Rovistando tra le fotografie mi sono imbattuto, quasi per caso, nelle immagini di Miracoli a Milano. Carlo Orsi fotografo. È passato un anno dalla mostra ospitata a Palazzo Morando, ma rivedere quegli scatti riporta immediatamente a quell’atmosfera sospesa, fatta di sguardi, città e memoria. Le fotografie non raccontano solo un’esposizione ormai conclusa, ma restituiscono il senso di una Milano osservata con attenzione e umanità, attraverso l’obiettivo di Carlo Orsi.

La mostra, curata da Giangiacomo Schiavi e Giorgio Terruzzi con la consulenza di Silvana Beretta, è stata organizzata in collaborazione con l’Archivio Carlo Orsi e il Comune di Milano,

Con circa 140 opere in bianco e nero, per lo più vintage e stampate sotto la supervisione dell’autore, l’esposizione si svolge attraverso un percorso tematico che racconta l’evoluzione artistica e umana di Orsi lungo i decenni.

Il progetto prevedeva un percorso quattro sezioni specifiche, Milano – L’anima esposta, Ritratti – Teste fini e facce toste, Moda e pubblicità – Dammi l’idea e Reportage – Luoghi del cuore.

La prima introduceva il pubblico alla profonda relazione tra Orsi e la città che lo ha visto nascere e lavorare per tutta la vita. Una visione di Milano da molteplici prospettive: grandi edifici e simboli urbani, scorci quotidiani, scene di strada e momenti sociali.

Nella seconda sezione Orsi ha ritratto numerose personalità italiane e internazionali: artisti, intellettuali, musicisti, attori, politici e atleti, figure simbolo della cultura italiana del secondo Novecento

La terza sezione raccoglie invece i lavori realizzati nei campi della moda e della pubblicità per importanti brand italiani e non solo.
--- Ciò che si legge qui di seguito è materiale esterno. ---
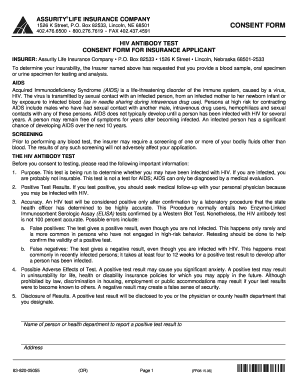 HIV Antibody Test Consent Form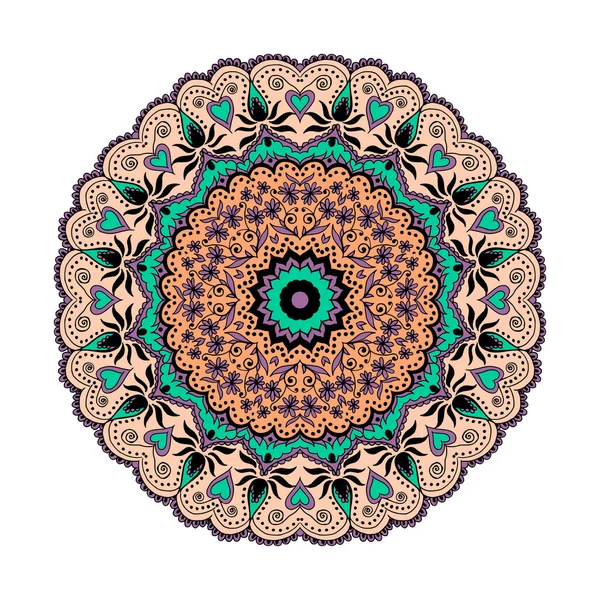 Patrón Mandala Vintage — Archivo Imágenes Vectoriales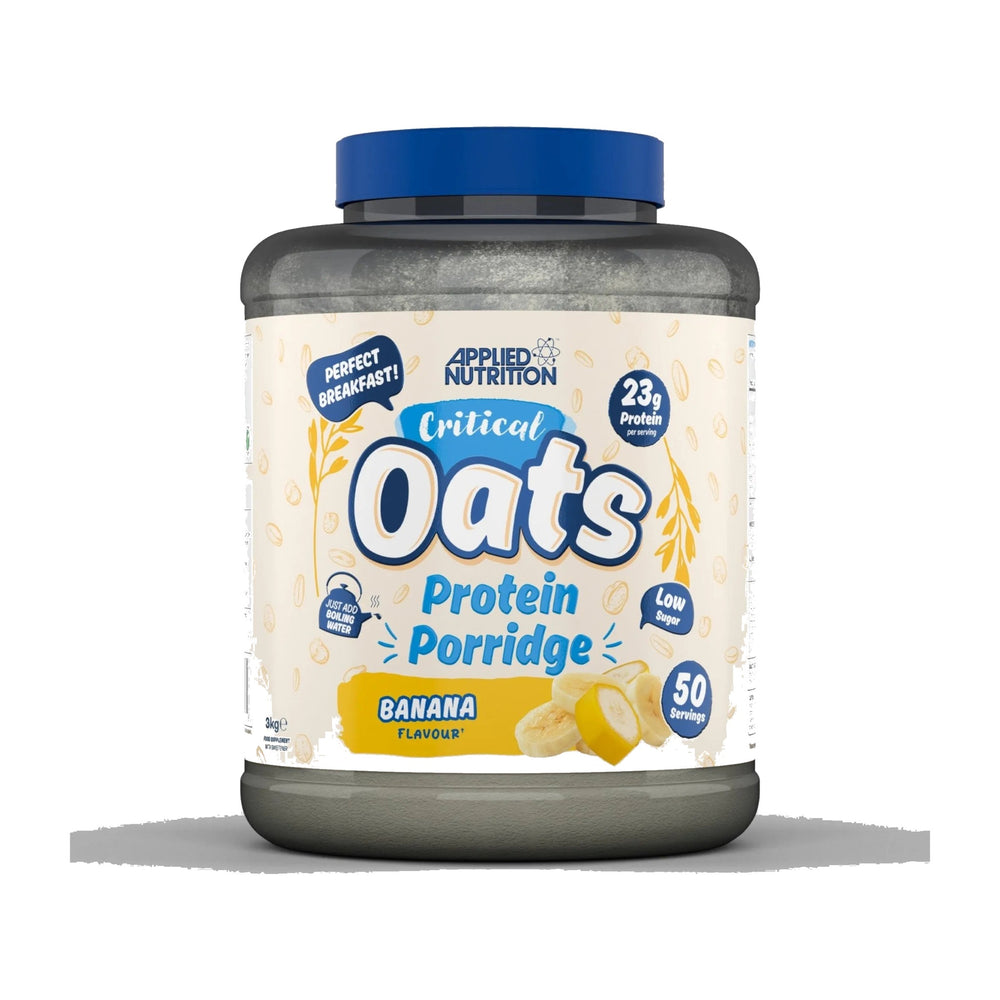 Applied Nutrition Critical Oats Protein Porridge Banana 3kg tub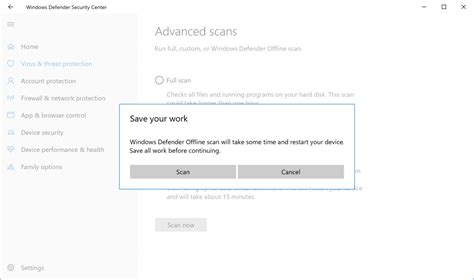 Windows Antivirus How To Run A Windows Defender Offline Scan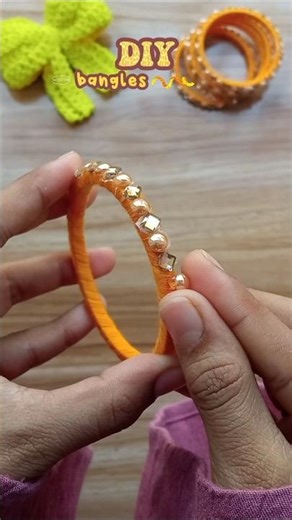 Old Bangle Makeover:DIYSilk Thread Jewelry at Home#DIYBangles​#HandmadeBangles #diycraft #viral shot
Infine nella quarta ed ultima sezione, abbiamo potuto ammirare i reportage di Orsi, spesso legati a missioni umanitarie svolte in paesi come Tibet, Cina, Uganda, Bangladesh e Bolivia. Questi scatti restituiscono uno sguardo intenso e umano su realtà lontane, testimoniando l’impegno e la sensibilità dell’autore.
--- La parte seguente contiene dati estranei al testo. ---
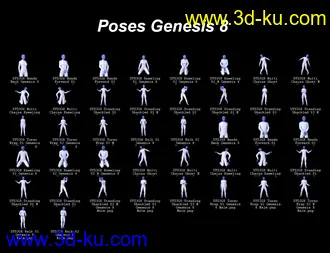 3D打印模型dForce SY Shackled 3! for Genesis 8的图片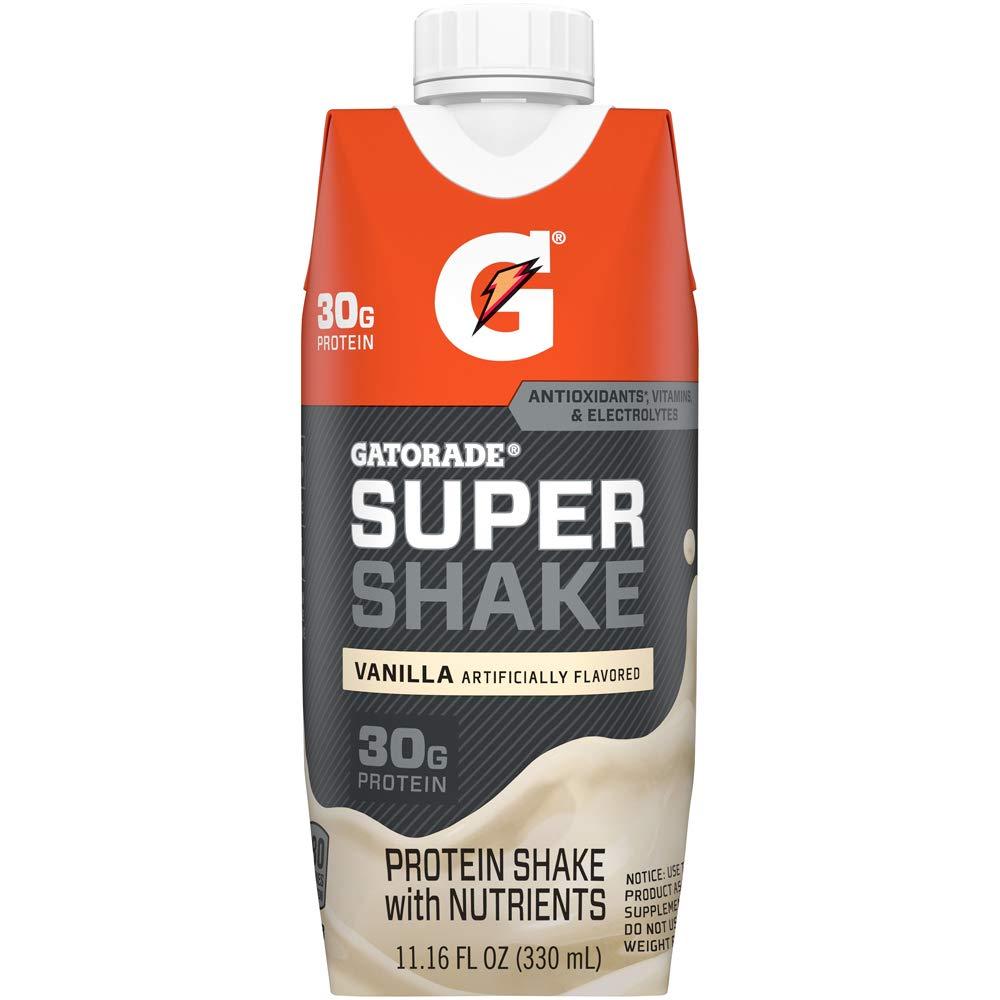 imageGatorade Super Shake Vanilla 30g Protein 1116 Fl oz Carton Pack of 4Vanilla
Miracoli a Milano non è stata quindi solo una mostra fotografica: è stato un viaggio attraverso il tempo e la memoria, un racconto visivo che intreccia storia urbana, ritratti di personaggi emblematici e testimonianze di mondi lontani.

Carlo Orsi (Milano, 1941 – 2021) è stato uno dei fotografi italiani più attenti al racconto umano e urbano del secondo Novecento. Cresciuto professionalmente nella Milano del dopoguerra, ha iniziato la sua carriera come fotografo freelance collaborando con importanti testate giornalistiche, per poi muoversi con naturalezza tra reportage, ritratto, moda e pubblicità. È stato assistente di Ugo Mulas, esperienza che ha segnato profondamente il suo approccio alla fotografia. Milano è rimasta il centro del suo sguardo: una città osservata senza retorica, attraverso le persone, i gesti quotidiani e le trasformazioni sociali. Parallelamente al lavoro editoriale e commerciale, Orsi ha sviluppato progetti di reportage in contesti internazionali e umanitari, mantenendo sempre uno stile diretto, empatico e rigoroso.